MATERIAL SHOWN

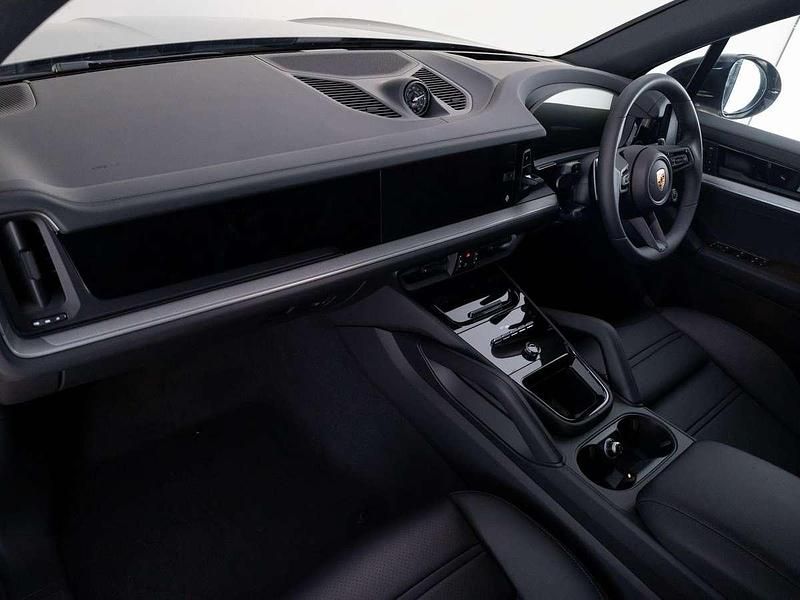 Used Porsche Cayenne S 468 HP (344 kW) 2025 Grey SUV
...
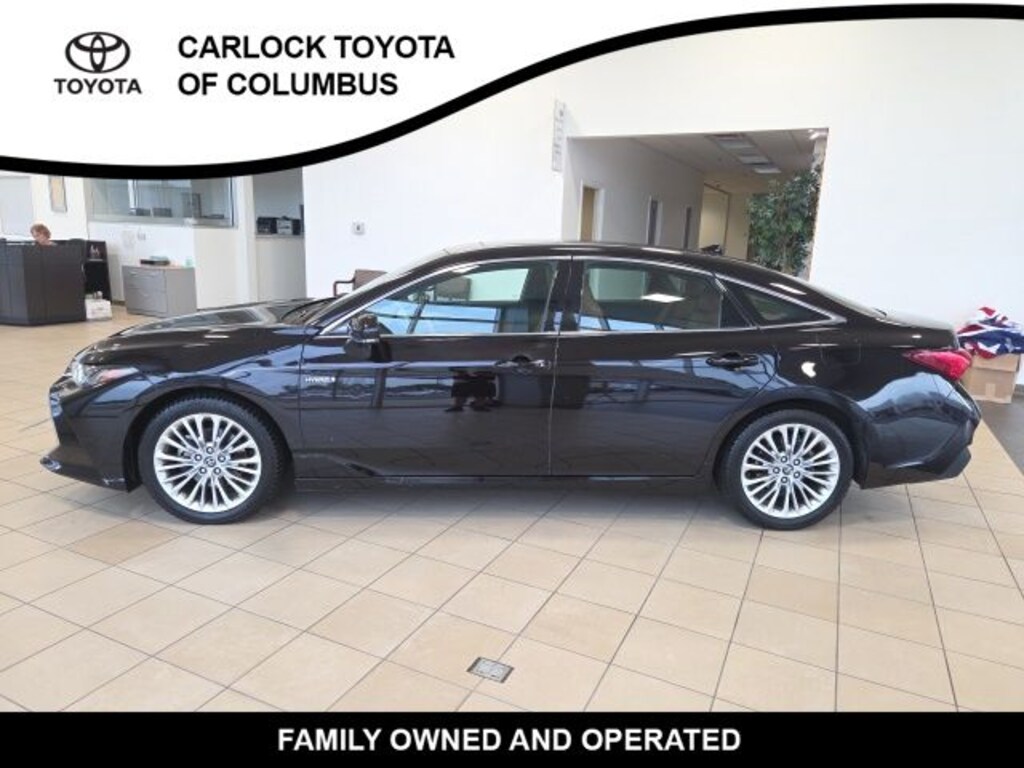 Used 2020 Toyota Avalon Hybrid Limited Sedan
...
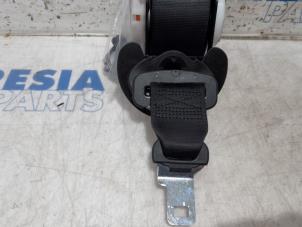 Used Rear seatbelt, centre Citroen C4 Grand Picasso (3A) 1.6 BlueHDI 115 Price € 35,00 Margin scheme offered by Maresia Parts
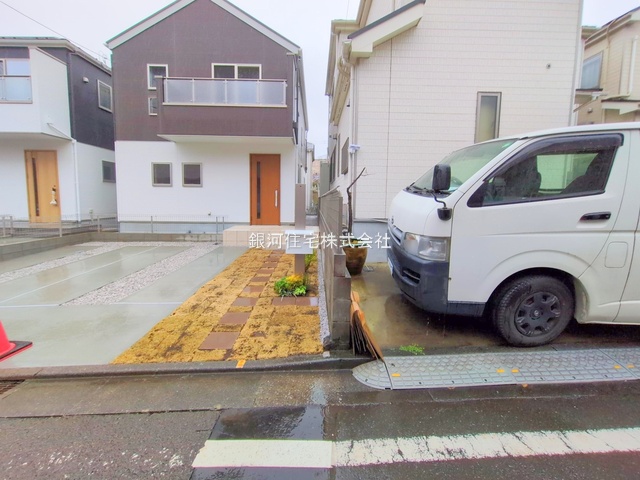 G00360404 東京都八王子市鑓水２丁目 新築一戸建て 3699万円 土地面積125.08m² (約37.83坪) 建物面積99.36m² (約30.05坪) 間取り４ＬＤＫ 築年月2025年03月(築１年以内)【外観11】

DIRECTIONS FOR THIS TASK
Above are some entries; copy exactly the lines from the line with "Used Rear seatbelt, centre" through the line with "G00360404 東京都八王子市鑓水２丁目 新築一戸建て", both included, but none of the pictures.

EXERCISE RESULT
 Used Rear seatbelt, centre Citroen C4 Grand Picasso (3A) 1.6 BlueHDI 115 Price € 35,00 Margin scheme offered by Maresia Parts
 G00360404 東京都八王子市鑓水２丁目 新築一戸建て 3699万円 土地面積125.08m² (約37.83坪) 建物面積99.36m² (約30.05坪) 間取り４ＬＤＫ 築年月2025年03月(築１年以内)【外観11】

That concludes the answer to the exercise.